Tomsky taunts the obsessive gambler in Hermann with his Ballad of the Three Cards. The Countess recounts singing for the king in Versailles. But it is arguably the orchestra itself which is the key narrator in Tchaikovsky's Pique Dame. At the Salzburg Festival, Mariss Jansons and the Vienna Philharmonic made the most eloquent of storytellers, full of mahogany richness and neurotic emotion, yet in the Großes Festspielhaus they dominated the narrative, swamping voices in a Hans Neuenfels production which – apart from Reinhard von der Thannen's outlandish costumes – is unmemorable.

Right from the start, Jansons demonstrated his affinity with Tchaikovsky's score. Burnished Viennese strings enveloped the listener in a cocoon. Solo cello had the finesse of lacquered walnut and throbbing violas lamented in the Act 3 prelude. Woodwinds sounded cultured, especially the mournful cor anglais which introduces Prince Yeletsky's aria, and only a few flute smears at the start of Liza and Polina's duet briefly marred their contribution.

Christian Schmidt's set is a black box that dulls voices but puts the focus on the exaggerated costuming. Marionette children enter in cages, their nannies in crinolines, sporting padded dumpling breasts. Young officer Hermann wears a scarlet tunic and trousers, but minus any shirt. Liza appears in a severe white jacket like a Dior model, Polina is a femme fatale in black beret and stilettos, while the Countess – in orange bob wig – looks like a 1920s flapper. The chorus, whether in black bathing gear or funereal garb with bald skullcaps, fades into the set: black on black tends to do that.
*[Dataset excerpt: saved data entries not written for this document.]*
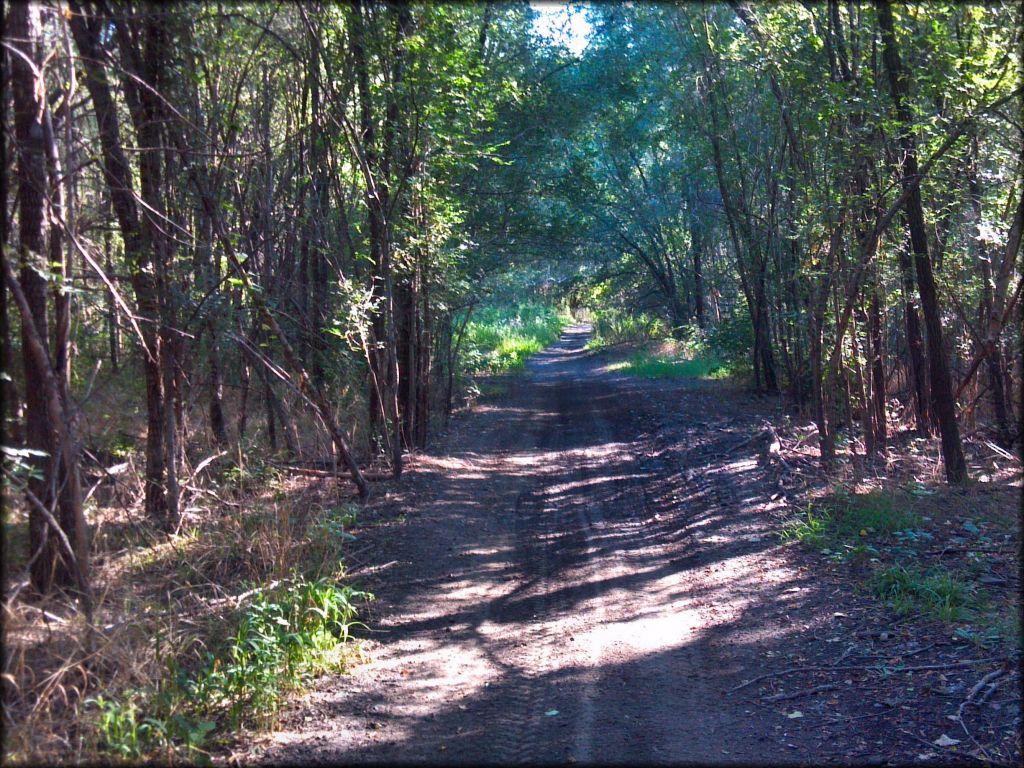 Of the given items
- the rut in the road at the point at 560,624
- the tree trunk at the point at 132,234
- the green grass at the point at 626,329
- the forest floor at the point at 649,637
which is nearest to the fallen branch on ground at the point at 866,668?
the forest floor at the point at 649,637

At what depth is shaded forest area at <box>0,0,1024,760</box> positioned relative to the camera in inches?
219

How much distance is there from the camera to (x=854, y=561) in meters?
7.55

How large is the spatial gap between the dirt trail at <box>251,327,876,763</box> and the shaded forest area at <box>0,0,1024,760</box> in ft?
1.96

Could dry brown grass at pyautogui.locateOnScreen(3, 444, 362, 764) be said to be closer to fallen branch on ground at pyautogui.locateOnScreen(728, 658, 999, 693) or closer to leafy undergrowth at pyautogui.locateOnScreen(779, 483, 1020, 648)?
fallen branch on ground at pyautogui.locateOnScreen(728, 658, 999, 693)

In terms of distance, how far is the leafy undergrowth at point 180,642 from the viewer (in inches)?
174

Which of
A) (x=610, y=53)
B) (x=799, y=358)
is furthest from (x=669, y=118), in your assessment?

Hermann's first encounter with the Countess takes place on a glide-in stage with revolving walls. Travellators slide in black benches – or are they coffins – but when Hermann paces a St Petersburg street reading Liza's letter, it looks like he's working out on a treadmill at the gym. He's going nowhere fast. The Mozartian Daphnis and Chloe interlude is staged in a gilt frame, the singers at music stands, while actors feebly acted out the plot, with three bewigged sheep as bored observers. Empress Catherine the Great makes her mute entrance as a skeleton with elongated arms.

Neuenfels can't hold a candle to Stefan Herheim's Amsterdam staging (also conducted by Jansons) but some of his ideas are effective. During Yeletsky's aria, Liza sees a vision of her future as a baby factory, seated at a dining table with four infant children and it's this horrifying idea which drives her into Hermann's arms. The Countess' porcelain bedchamber is in stark contrast to the black void elsewhere. She sleeps in a hospital bed and when Hermann appears, she amorously caresses him. When he waves a pistol in her face, she gladly takes it into her mouth. She longs for it all to be over. Liza commits suicide by walking into a bright light and snatching her shadow. When Hermann loses his gamble – turning over a Queen of Spades instead of the expected Ace – he shoots himself and his corpse sinks into the gaming table's green baize.

Igor Golovatenko's polished baritone shone as Yeletsky, his long lines aristocratically arched, but the rest of the cast struggled against the might of the Vienna Phil. Brandon Jovanovich offered an heroic ring as Hermann, but there was always a sense that he was pushing hard. He has a lovely honeyed mezza voce though and was most convincing in duet with Evgenia Muraveva's Liza. Muraveva has a creamy lyric soprano, but was pinched at the top, uncomfortable at Jansons' leisurely tempo for her big aria. Oksana Volkova offered warm plum tones as Polina. Hanna Schwarz was a haughty Countess, but her mezzo is now raddled, with a hollow middle register, and her French is muddied beyond recognition. Vladislav Sulimsky was an underpowered Tomsky, lacking sardonic bite. For the real drama here, one had to rely on the pit.